Por Carlos Burre
A veces, corregir un texto ajeno puede hacernos sentir el vértigo de entrar en la mente del autor. No digo un vértigo pánico, como Leonardo DiCaprio en El Origen, pero sí, creo, podemos advertir indicios sobre la vida de nuestro cliente: su formación, sus gustos, las vicisitudes de su vida, y bastante más. Esta información no surge de lo explícito del texto, sino de las correcciones que hacemos.
Mientras viví en la vieja Alemania, enseñé español en una universidad popular. Allí tuve una compañera (simplemente María), nacida y criada en Colombia, que ya llevaba unos diez años residiendo en el país. La diferencia entre ella y yo en el manejo del idioma alemán era colosal: aunque a María le salía el acento caribeño cuando hablaba con los locales, su vocabulario y su sintaxis eran admirables. Yo tenía un acento perfecto, pero recién llegado a la lengua, hacía reír a chicos y grandes por igual.
El tiempo pasó; ella regresó a su país natal y yo al mío. Con generosidad, se dedicó a escribir a tiempo completo un libro, en el cual narraría su experiencia con relación al campo laboral como residente extranjera en Alemania y Nueva Zelandia, donde también había vivido un año. Además, agregaba interesantes apuntes sobre su vida social y familiar en estos dos países y en Colombia. Yo tuve el honor de ser convocado para hacer la corrección del texto, y de paso, hacer algunos aportes extra sobre historia.
Durante el transcurso de la corrección, me di cuenta de que en ciertos pasajes, la estructura sintáctica del texto llevaba a zonas de incertidumbre, aunque cada tema tratado fuera bien simple. Más de una vez tuve que llamar a mi amiga para que me aclarase el punto. Algunas frases directamente no tenían sentido, y yo atribuía tal circunstancia al hábito de “cortar y pegar” texto sobre texto. A cualquier criollo puede escapársele una liebre idiomática. Sin embargo, un día de especial inspiración me di cuenta de la cruel verdad.
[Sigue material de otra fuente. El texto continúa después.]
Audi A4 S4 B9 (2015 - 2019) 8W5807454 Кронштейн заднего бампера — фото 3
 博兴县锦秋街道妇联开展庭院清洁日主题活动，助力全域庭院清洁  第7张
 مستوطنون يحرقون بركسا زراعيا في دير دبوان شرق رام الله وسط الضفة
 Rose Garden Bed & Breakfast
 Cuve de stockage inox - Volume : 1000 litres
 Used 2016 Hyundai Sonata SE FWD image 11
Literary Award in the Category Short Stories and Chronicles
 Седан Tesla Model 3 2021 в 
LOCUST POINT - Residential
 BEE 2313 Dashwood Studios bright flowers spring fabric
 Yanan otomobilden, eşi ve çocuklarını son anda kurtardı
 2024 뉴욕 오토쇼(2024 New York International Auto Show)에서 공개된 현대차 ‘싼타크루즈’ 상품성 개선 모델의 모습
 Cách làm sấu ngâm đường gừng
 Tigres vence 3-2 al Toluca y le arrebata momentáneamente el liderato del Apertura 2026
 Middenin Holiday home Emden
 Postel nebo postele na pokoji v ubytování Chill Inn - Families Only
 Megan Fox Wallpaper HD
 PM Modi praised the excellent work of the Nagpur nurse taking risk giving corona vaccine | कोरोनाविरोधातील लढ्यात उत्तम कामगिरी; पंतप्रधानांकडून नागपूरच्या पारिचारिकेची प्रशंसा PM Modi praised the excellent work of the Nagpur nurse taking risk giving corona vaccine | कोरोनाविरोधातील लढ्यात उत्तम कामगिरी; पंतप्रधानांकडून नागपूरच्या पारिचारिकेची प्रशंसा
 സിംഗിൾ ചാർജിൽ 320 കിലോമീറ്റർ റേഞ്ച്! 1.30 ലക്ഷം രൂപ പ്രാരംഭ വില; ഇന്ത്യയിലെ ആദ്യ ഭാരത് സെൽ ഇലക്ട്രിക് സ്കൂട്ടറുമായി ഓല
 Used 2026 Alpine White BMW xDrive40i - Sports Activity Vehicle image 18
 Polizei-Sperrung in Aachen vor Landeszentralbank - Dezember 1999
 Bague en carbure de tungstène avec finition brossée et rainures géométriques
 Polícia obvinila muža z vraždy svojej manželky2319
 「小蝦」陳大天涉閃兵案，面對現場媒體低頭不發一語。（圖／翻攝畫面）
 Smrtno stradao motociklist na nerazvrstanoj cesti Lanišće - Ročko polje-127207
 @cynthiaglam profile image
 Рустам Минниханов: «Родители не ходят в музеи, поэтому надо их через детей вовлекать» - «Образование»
Claro, era alemán escrito en castellano. La estructura sintáctica del alemán es diferente a la del español, y nada sorpresivamente se parece bastante a la del latín en varios aspectos. Ese descubrimiento me puso en alerta temprana para seguir corrigiendo la obra desde un lugar más cómodo, aunque yo debía seguir preguntando, tal vez con menos frecuencia “¿qué quisiste decir aquí?”, por la desfiguración conceptual que subsistía.
Debe aclararse que María no es escritora profesional; viene del campo de la Economía, y, especialmente, del Marketing. Además, desde bastante antes de su regreso, había comenzado a consumir libros de autoayuda. Como ella hacía citas de estos libros en su propio texto, luego se necesitaba exorcizar también los demonios propios de esos autores, a quienes sospecho no les habían llegado aún noticias de los grandes de la literatura universal. Acaso ni siquiera de los más pequeños, como uno.
Estas filtraciones del alemán y de los “autoayudadores” que goteaban en el libro de María no agotaron los pesares idiomáticos. También había que reinterpretar los localismos, a los que traté de respetar todo lo posible. No es cuestión de sacarle el sabor a una obra de esta clase, en la que el lector debe comprender la idiosincrasia del autor para poder aprovechar su experiencia, que era el objeto final del libro.